Decades before the ban, Murphy used to ship horses to a Vernon slaughterhouse for Kal Kan dog food. Later, a Fort Worth slaughterhouse had a standing order for horses that couldn’t sell at auction — $25 a head.

“When they quit that, it hurt the whole horse industry, because you have a lot of bad horses and you can’t do nothing with them,” said Butch Williams, a grizzled horse trader from Hesperia with the gritty voice of Rooster Cogburn. “If they can’t ride ‘em and they can’t feed ‘em, they’ll cut them loose.”

For years, Renee Duncan’s shady 12-acre ranch in Perris has provided a sanctuary for those very horses.

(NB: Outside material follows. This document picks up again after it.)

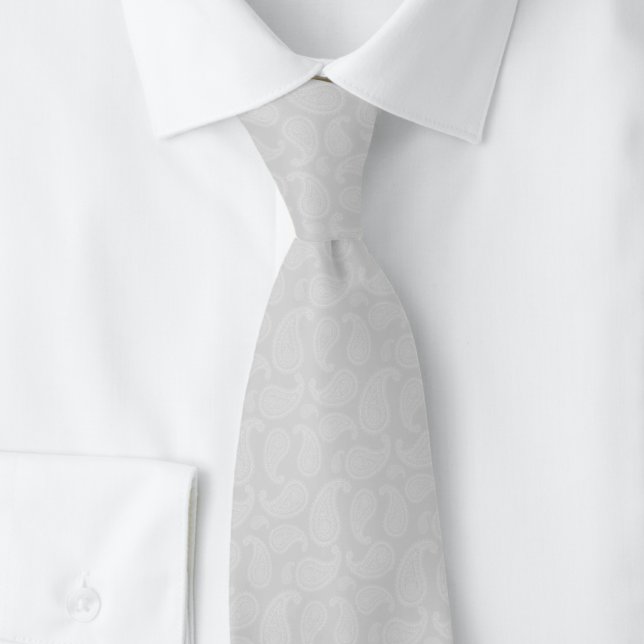 Cravate Light Gray Paisley (Créateur téléchargé)
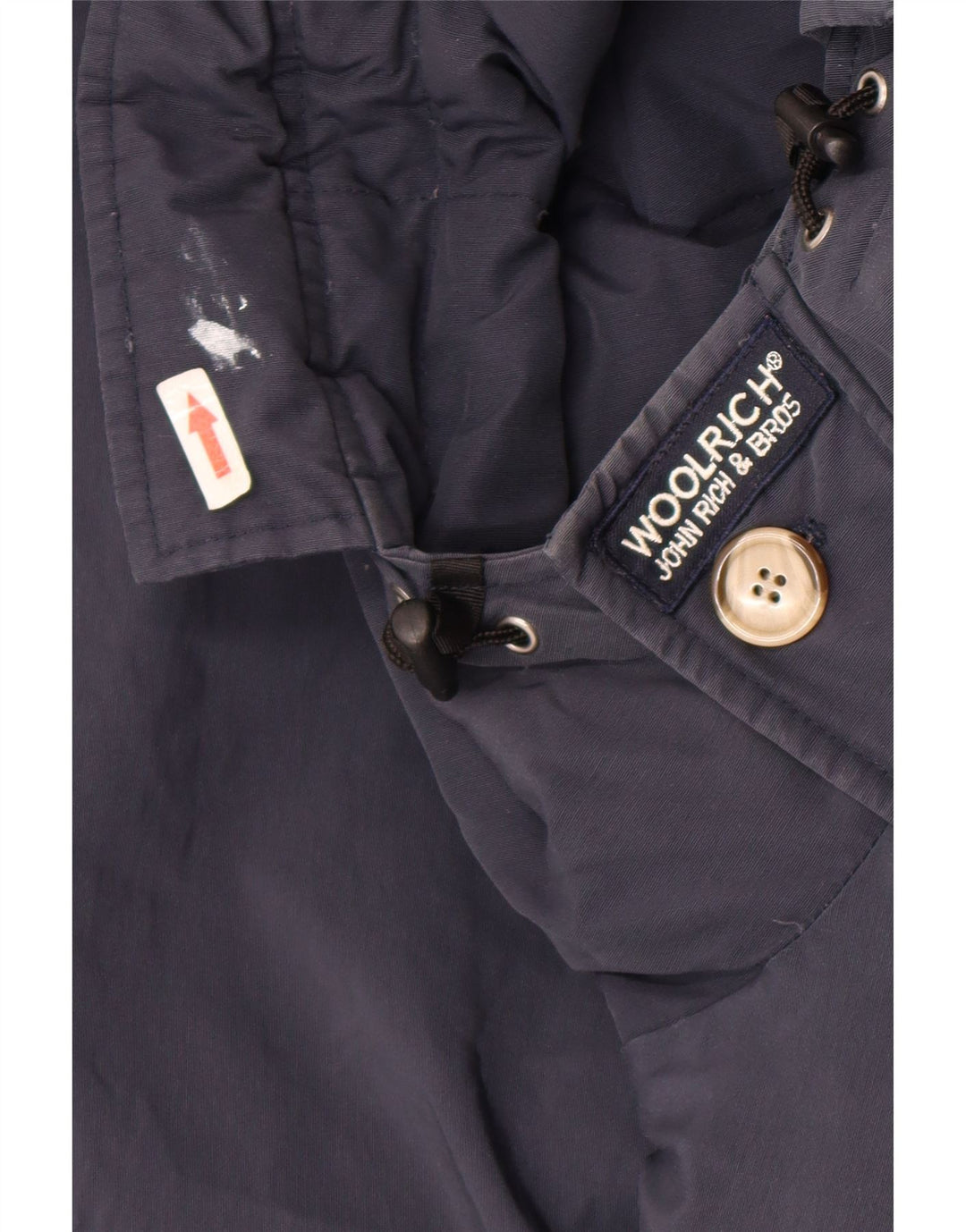Podstavljena jakna s kapuljačom Woolrich za dječake 9-10 godina tamnoplava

The slaughtering of horses — animals that helped settle the Western frontier and are beloved family companions — has no place in civilized society, she said.

Duncan set up Meadowbrook Animal Sanctuary and Haven in 1988, and ever since she has nimbly dodged foreclosure and muddled through personal tragedy — she survived throat cancer and her house was gutted by fire a year ago — to care for 48 horses.

A benefactor from the Northwest bought the ranch from her a few years ago, allowing Duncan to run the nonprofit, but the operation still depends on donations to help cover the $9,000 a month it costs to feed the animals.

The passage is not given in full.